Civil rights victories of the 1950s and 1960s robbed the SRC of its purpose

The SRC declined as it lost its reason for being, Wright says. He thinks that new legislation in the 1950s and 1960s meant that the government was equipped to uphold civil rights. The SRC accomplished its goal and retired gracefully.

Citing this Excerpt

Oral History Interview with Marion Wright, March 8, 1978. Interview B-0034. Southern Oral History Program Collection (#4007) in the Southern Oral History Program Collection, Southern Historical Collection, Wilson Library, University of North Carolina at Chapel Hill.

Full Text of the Excerpt

JACQUELYN HALL:
What is your feeling, though, about why what seems to be a decline in the Council has happened?
MARION WRIGHT:
It's inevitable.
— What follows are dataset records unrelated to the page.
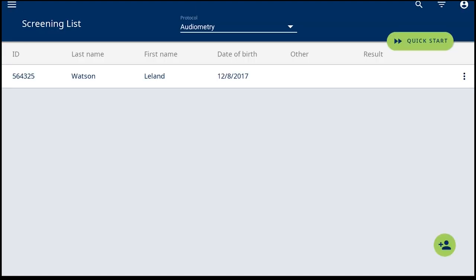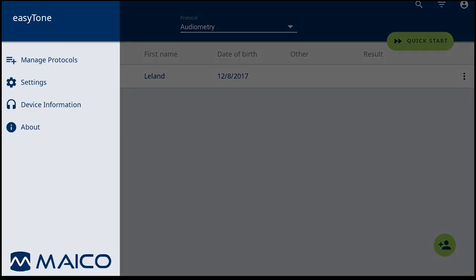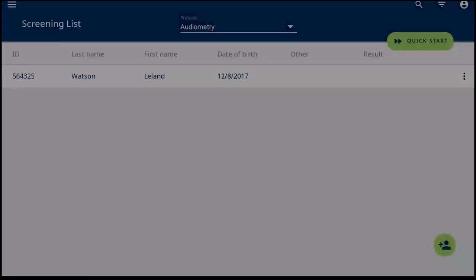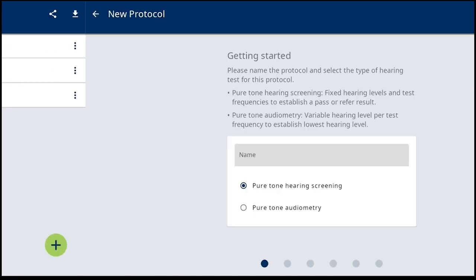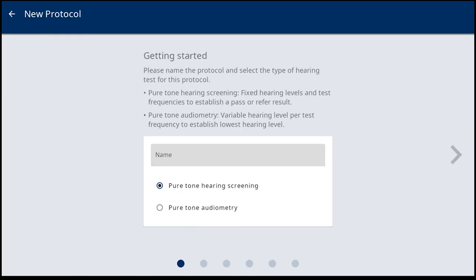The EasyTone provides easy setup and selection of your preferred test method through the protocol creation. Simply go to the Protocol Management screen, and when creating a new protocol, the first selection is the type of protocol to create.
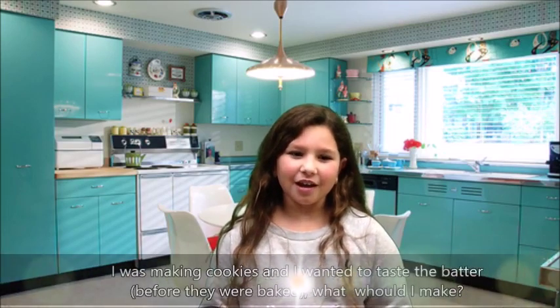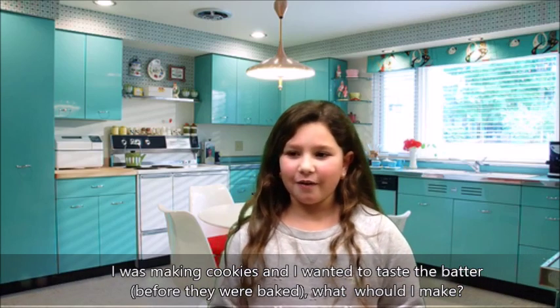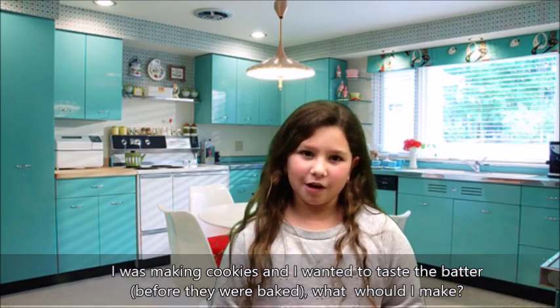I was making cookies and I wanted to taste the batter. What Bracha would I make? That is actually a wonderful question.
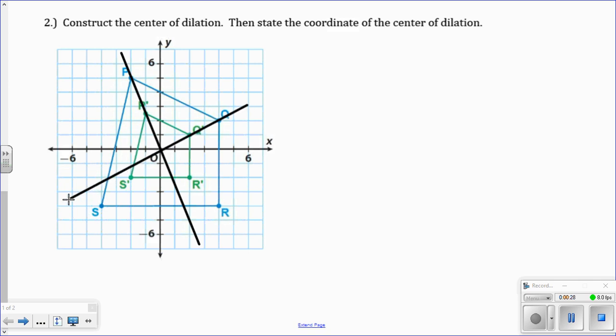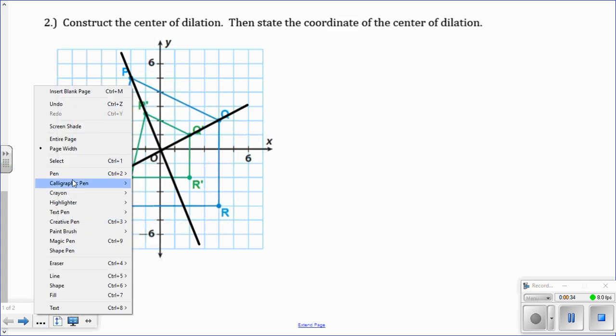You can keep going, but the point of intersection of two is actually enough. But the point of intersection, that is the center of dilation.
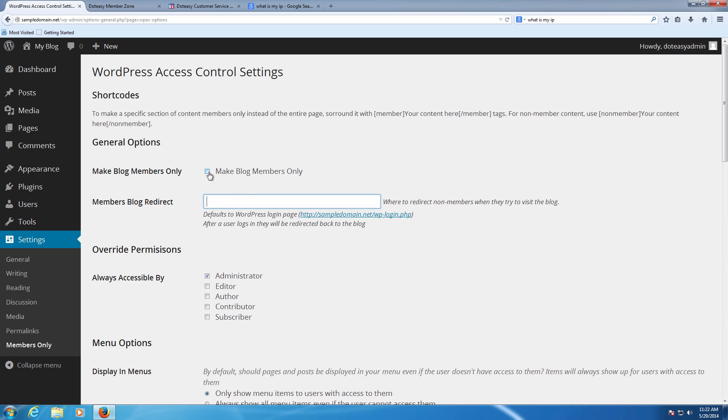If you do make it member only and check mark this box, you then want to set another page here like a login page where it takes anyone else who hasn't logged in yet to. This way they'll be able to go to the login page, they can get to like a registration page if you want it, instead, so that they can sign up for your site.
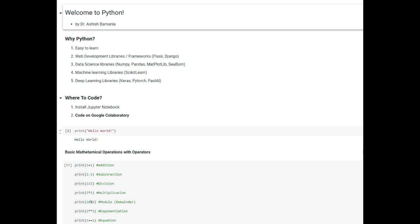So where should you code? One option is to go online, download Python on your computer, install Jupyter Notebook, and start coding locally. The next and recommended platform is Google Collaboratory. I would advise you to open up Google Collaboratory, make an account using your Google account, and then you can easily start coding.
The Southern Regional Council had a reason for being when you were fighting to establish the rights of a minority in this country. People would contribute to it; they took interest in it; you had something you could fight over. Now the rights have been either Congressionally or judicially established. If our sole mission had been to secure those rights, we should quit business at that time. It takes a different temperament and different talent to operate in an area when law has already stepped in. So I think it quite natural that you feel now not that we want to leave everything up to the government, but that the government has done the job, and the government is equipped to carry it on. Why should a private organization continue to exist? That's what it gets down to.
JACQUELYN HALL:
Part of what was going on, though, during George Esser's period was an effort to redirect the Council toward a different approach and different issues and so on, but that didn't seem to work.
MARION WRIGHT:
If I were cynical, as I hope I am not, I would say that for the same reason that I criticize a government agency for seeking to preserve itself after it has accomplished its purpose, I would say that the Southern Regional Council had been attempting to preserve itself after its principal mission was accomplished. You have now the Urban League, which works on employment. The field is pretty well occupied, and our principal mission is ended.